> [Recorded information]
· · ·

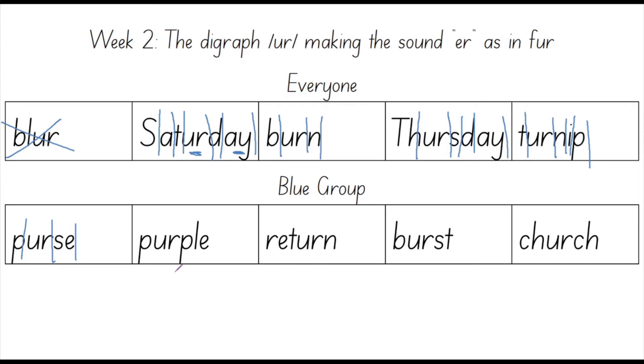The next word is purple. My mum owns a purple purse. Purple is a colour. Let's count out the sounds in purple: P, UR, P, L. How many fingers do you have up right now? I have four. The sounds in purple are P, UR, P, L. Four sounds.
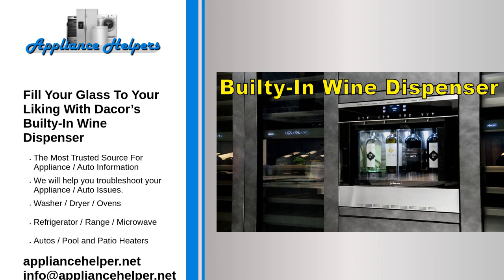The dispenser can be finished in silver stainless or graphite stainless and installed flush with any kitchen cabinetry. LED lighting puts the selected collection of wine on display for a tasting or drinking experience that feels hyper-luxurious right from home. Dacor's 24-inch built-in wine dispenser is available now for $5,999.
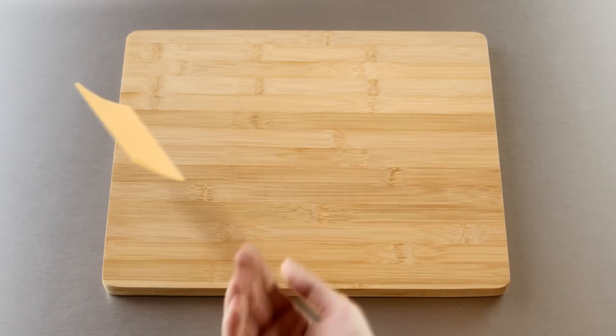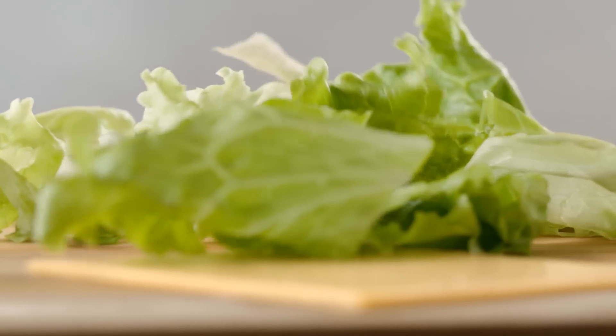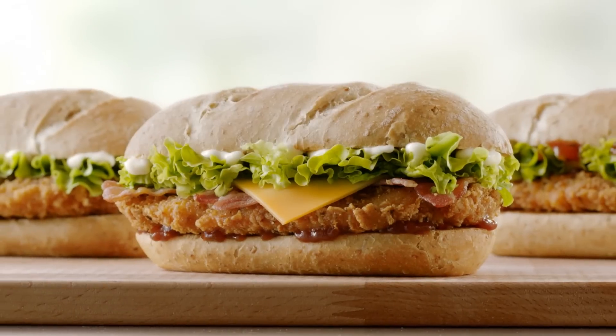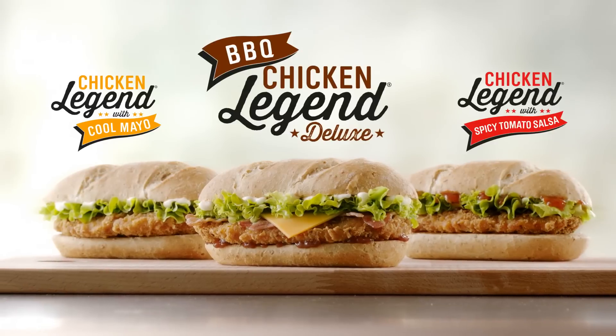Next, a slice of smoky cheese. And crisp Batavia lettuce. Pop on some core mayo. And there you go. Discover the magic that makes the chicken legend.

· · ·

> [What the task requires] Reproduce the preceding material exactly, skipping pictures.

> [Reply]
The next word is purple. My mum owns a purple purse. Purple is a colour. Let's count out the sounds in purple: P, UR, P, L. How many fingers do you have up right now? I have four. The sounds in purple are P, UR, P, L. Four sounds.
The dispenser can be finished in silver stainless or graphite stainless and installed flush with any kitchen cabinetry. LED lighting puts the selected collection of wine on display for a tasting or drinking experience that feels hyper-luxurious right from home. Dacor's 24-inch built-in wine dispenser is available now for $5,999.
Next, a slice of smoky cheese. And crisp Batavia lettuce. Pop on some core mayo. And there you go. Discover the magic that makes the chicken legend.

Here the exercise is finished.